Our government has been at the forefront of sharing our own experiences in the field of e-solutions with other countries within the framework of development cooperation. Estonia has become increasingly known as e-Estonia due to our innovative solutions such as e-governance, an e-health system, mobile parking, and Internet-based secure e-elections, to name just a few. If elected to the Human Rights Council during this year’s elections, we intend to make Internet freedom as one of our priorities.
Estonia has also set combating impunity among its priorities and has allocated special funding to cover the costs of the President of the International Criminal Court Assembly of States for the years 2012-2014. The ability to prosecute international crimes must become an integral part of the broader rule of law activities of all major actors. The United Nations system with support from the Human Rights Council is well placed to take a major share of responsibility. Our joint efforts to provide assistance to develop national capacities in order to cope with crimes under the Rome Statute would strengthen national legal systems as a whole.

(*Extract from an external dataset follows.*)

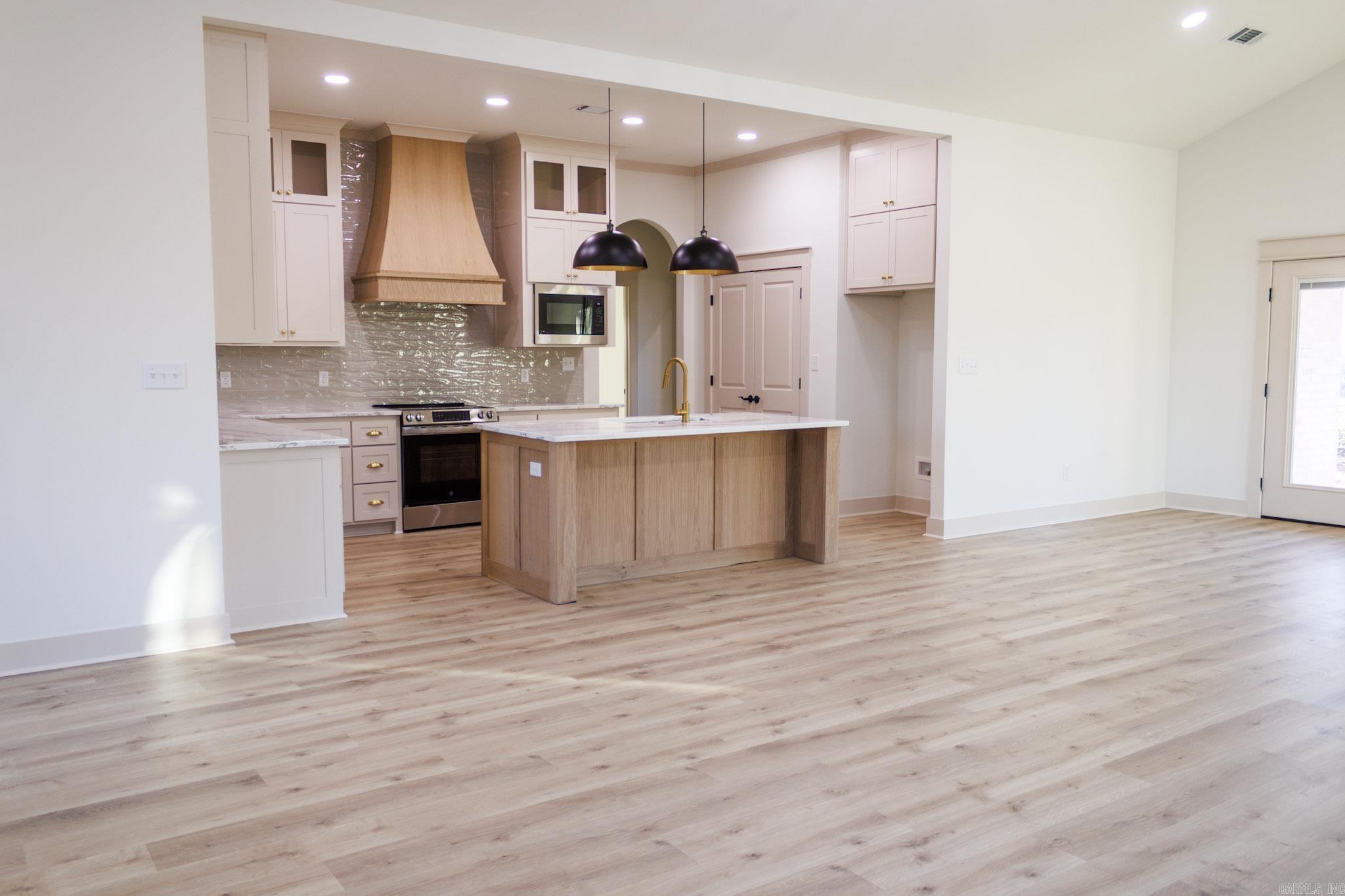 REYNOLDS RIDGE - Residential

Women amount to the largest group of victims in military and political conflicts. That is why combating impunity must be complemented by efforts to empower women. Estonia places great importance on the follow-up to the resolution 1325 “women, peace and security” to strengthen the role of women in conflict prevention, settlement and in peace building. Our government is implementing its National Action Plan adopted in 2010 to promote the goals set in the resolution and enthusiastically supports related activities in the UN bodies where we are members.
Estonia is committed to promoting the rights of women in broader terms as well. We have helped to establish the new gender entity of the UN to make the UN system more effective while addressing gender issues. While being a member of UN WOMEN and the Commission on the Status of Women, we hope to contribute to solving global problems. We support furthering the rights of women via development cooperation too. The nearer we come to 2015, the target we set in common to achieve the Millennium Development Goals, the more attention they need. It goes without saying that all goals are important, but our international contributions have focused mostly on the goals related to gender equality and maternal health.

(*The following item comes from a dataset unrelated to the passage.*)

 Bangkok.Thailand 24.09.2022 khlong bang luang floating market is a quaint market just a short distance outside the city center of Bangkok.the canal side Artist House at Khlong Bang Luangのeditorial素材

Finally, the rights of indigenous peoples are also an Estonian human rights priority. We contribute to the UN funds supporting the development and the promotion of the situation of indigenous peoples and facilitate the participation of the representatives of indigenous peoples in UN discussions.
This was a brief overview of Estonian activities that support the implementation of the Universal Declaration of Human Rights in reality. Estonia is and continues to be committed to the international order based on international law, including human rights law and the rule of law. If we become a member of the Council, we will continue to focus our activities according to the voluntary pledges and commitments that were adopted by our government last year. I’m convinced that our own history and experience permit us to view the world and its needs with a global perspective, taking into account everyone’s rights and interests, not only of a select few or the privileged. We understand what it means to be deprived of freedom, to suffer poverty and oppression, to be neglected. In the Human Rights Council, if elected, Estonia promises to represent all nations and peoples, women, children and men.
Thank you very much for your attention.